It appears to be well settled in Virginia that, as a general rule, the sole evidence of ownership of a motor vehicle is the registered title. Nationwide Ins. Co. v. Storm, 1959, 200 Va. 526, 106 S.E.2d 588; Staunton Industrial Loan Corp. v. Wilson, 4 Cir., 1951, 190 F.2d 706; Byrd v. American Guarantee Liability Ins. Co., 4 Cir., 1950, 180 F.2d 246. It may be noted that in Nationwide Ins. Co. v. Storm, supra, the court approved the holding in the case of Garlick v. McFarland, 159 Ohio St. 539, 113 N.E.2d 92, to the effect that ownership of a motor vehicle could not be transferred without transfer and endorsement of the certificate of title even though the purchase price had been paid and the automobile delivered to the buyer.
In its opinion overruling Eureka's motion for summary judgment, the District Court stated that the case of Montgomery v. Whitfield, 188 F.2d 757, decided by this court in 1951, held that competent evidence may establish true ownership of a motor vehicle, the Virginia registration statutes to the contrary notwithstanding. In the Whitfield case, the certificate of title to the truck that was involved in an accident stood in the name of W.W. Whitfield subject to a lien of General Motors Acceptance Corporation. The evidence indicated that some three and one-half months prior to the accident, the truck was sold by W.W. Whitfield to Ben Duke Whitfield, that General Motors Acceptance Corporation assented to the transfer and all subsequent payments on the truck were collected from Ben Duke Whitfield. On these facts the court did suggest that Ben Duke Whitfield was the owner of the truck even though the certificate of title had not been transferred to him. However, the court sustained a jury verdict for the defendant on the issues of primary and contributory negligence and the observation of the court with respect to a change of ownership was not necessary to the decision.
The District Court does not point to any specific statutory provisions to bring this case within any exception to the general rule. Maxwell appears to rely primarily upon Code of Virginia (1950), Title 46, § 46-86 and § 46-89.

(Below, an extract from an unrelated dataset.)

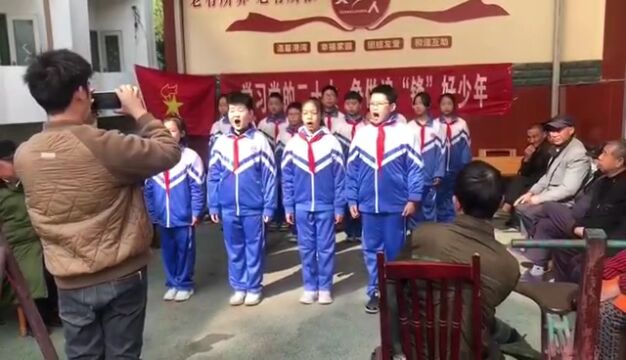 周口小学:学习党的二十大,争当追“锋”好少年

"§ 46-86. When transferred certificate need not be forwarded. — When the transferee of the motor vehicle, trailer or semi-trailer is a dealer who holds the same for resale and operates the same only for sales purposes under a dealer's license plate or when the transferee does not drive the motor vehicle, trailer or semi-trailer nor permit it to be driven upon the highways, the transferee shall not be required to register it nor forward the certificate of title to the Division, as provided in § 46-85, but such transferee upon transferring his title or interest to another person shall give notice of the transfer to the Division and shall endorse and acknowledge an assignment and warranty of title upon the certificate and deliver it to the person to whom the transfer is made."

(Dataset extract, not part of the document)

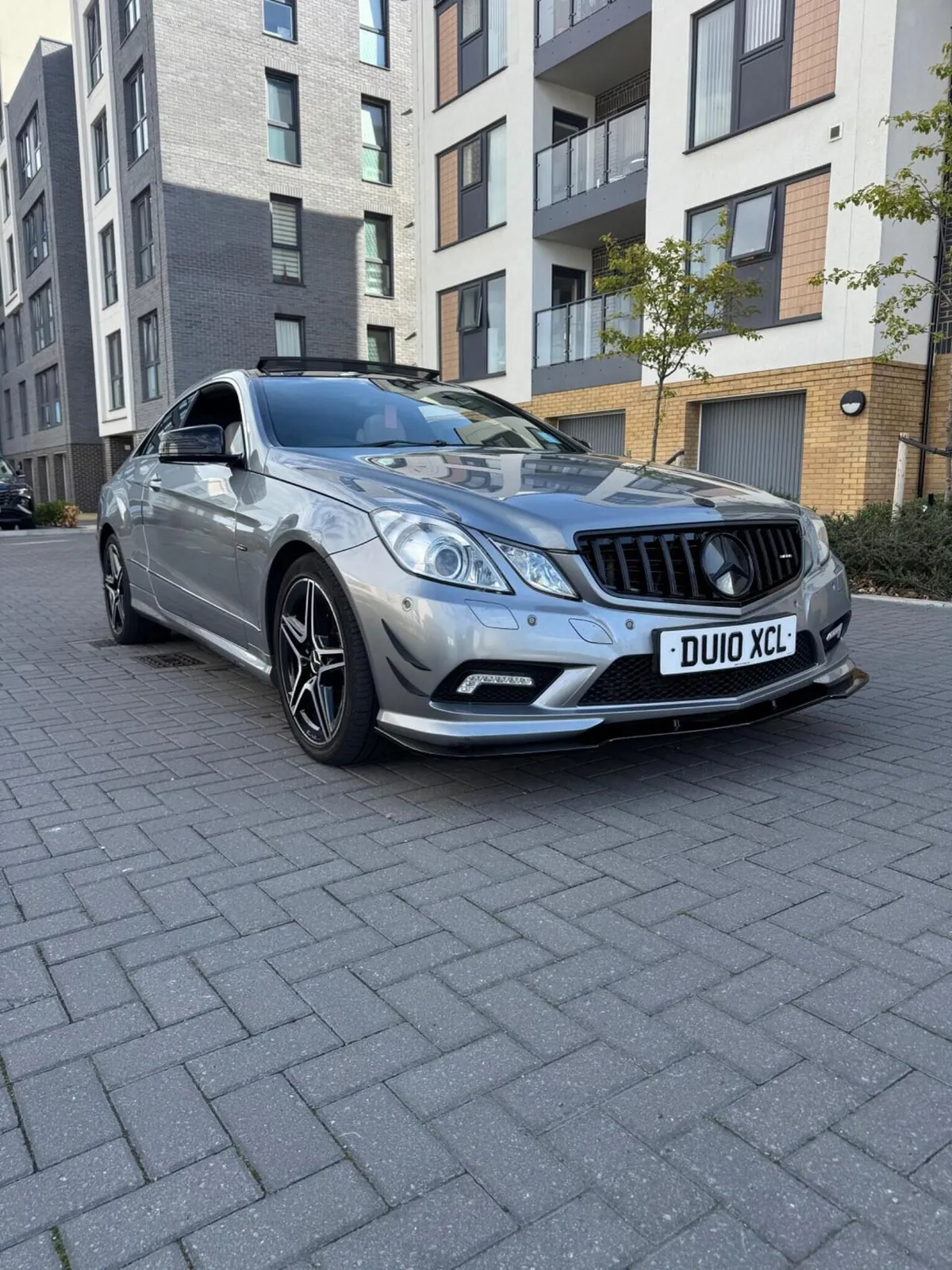 Mercedes-Benz E-Class 2010 photo 2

"§ 46-89. Transfer by operation of law. — Except as otherwise provided in § 46-92 in the event of the transfer by operation of law of the title or interest of an owner in and to a motor vehicle, trailer or semi-trailer registered under the provisions of this chapter, to anyone as legatee or distributee or by an order in bankruptcy or insolvency, execution sale, repossession upon default in the performing of the terms of a lease or executory sales contract or otherwise than by the voluntary act of the person whose title or interest is so transferred, the transferee or his legal representative shall make application to the Division for a certificate of title therefor, giving the name and address of the person entitled thereto, and accompany such application with the registration card and certificate of title previously issued for the motor vehicle, trailer or semi-trailer, if available, together with such instruments or documents of authority or certified copies thereof, as are required by law to evidence or effect a transfer of title or interest in or to chattels in such case. The Division when satisfied of the genuineness and regularity of the transfer shall cancel the registration of the motor vehicle, trailer or semi-trailer and issue a new certificate of title to the person entitled thereto."
As to the effect of the statutory provisions relied upon by Maxwell had he remained in the position of original conditional vendor we express no opinion but, as we interpret these statutory provisions, Maxwell did not, under the facts here existing, regain ownership of the trailer by operation of law. It must be remembered that, subject to the condition of payment by the vendee, Maxwell retained title to the trailer when he sold to Hirsh, but he immediately thereafter assigned and transferred to Bank all of his right, title and interest in the trailer and all rights under the conditional sale contract. Maxwell accepted possession when the trailer was voluntarily surrendered by Hirsh but without any evidence of actual or constructive ownership or right of repossession.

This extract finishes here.